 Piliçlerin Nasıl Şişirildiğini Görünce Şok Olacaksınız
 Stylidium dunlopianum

--

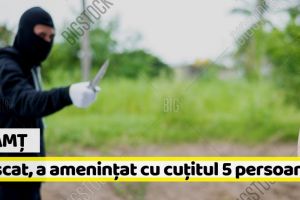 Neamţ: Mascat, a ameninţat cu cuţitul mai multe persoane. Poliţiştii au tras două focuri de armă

__YOUR ASSIGNMENT__. Extract from the records above the lines from the one containing "Piliçlerin Nasıl Şişirildiğini" to the one containing "Stylidium dunlopianum", both lines included, exactly as they appear and with nothing else.

__OUTPUT BELOW__.
 Piliçlerin Nasıl Şişirildiğini Görünce Şok Olacaksınız
 Stylidium dunlopianum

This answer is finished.